§ Task brief: With pictures omitted, restate the data word for word.

§ Information provided:
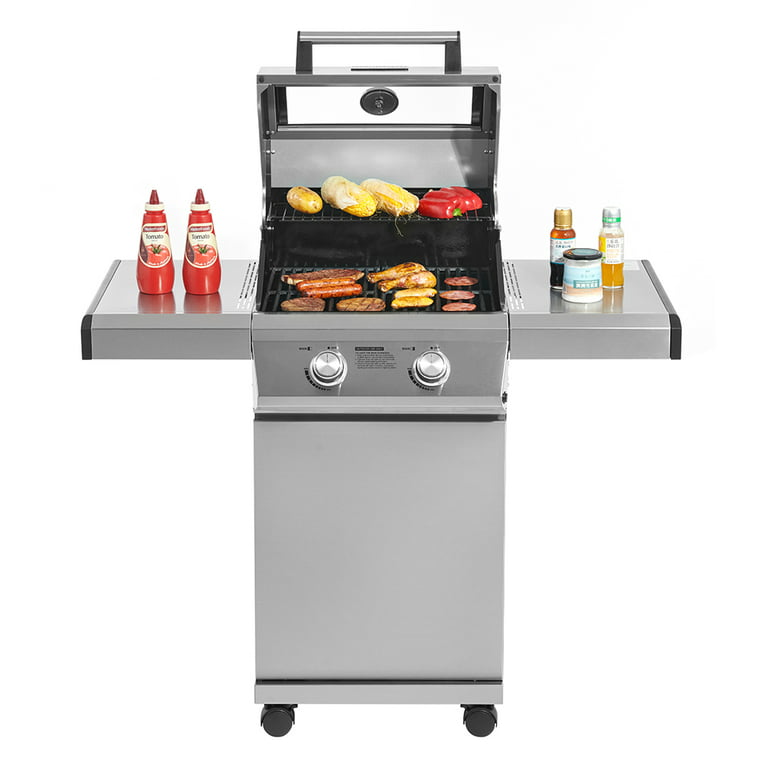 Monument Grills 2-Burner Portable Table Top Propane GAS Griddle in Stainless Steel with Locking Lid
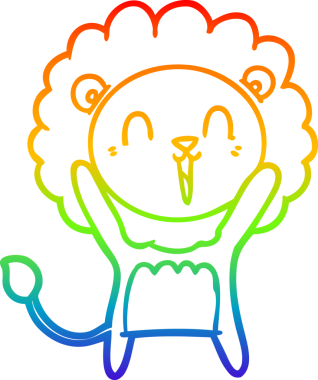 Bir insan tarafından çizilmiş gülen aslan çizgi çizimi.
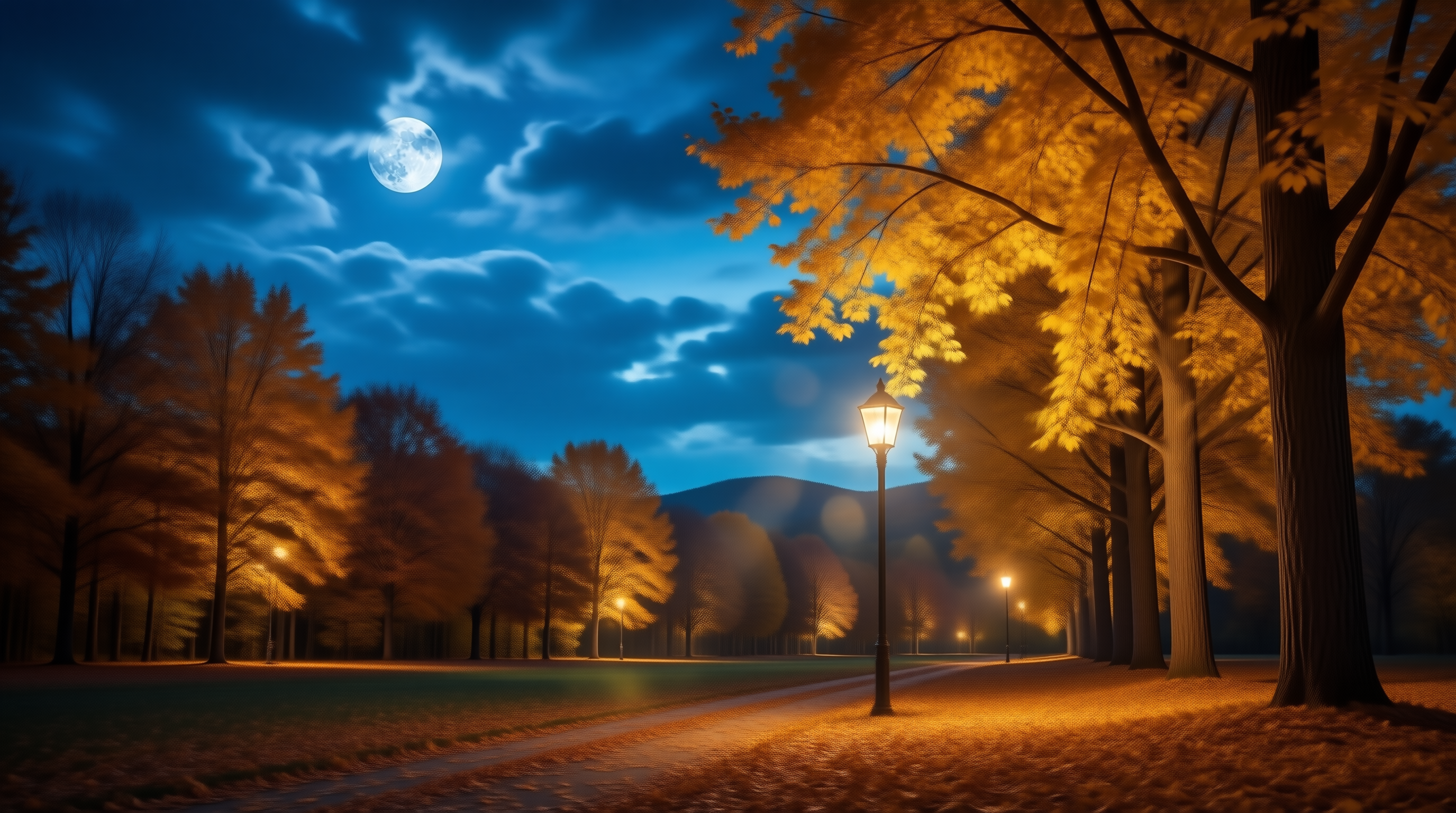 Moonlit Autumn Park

§ Answer space:
 Monument Grills 2-Burner Portable Table Top Propane GAS Griddle in Stainless Steel with Locking Lid
 Bir insan tarafından çizilmiş gülen aslan çizgi çizimi.
 Moonlit Autumn Park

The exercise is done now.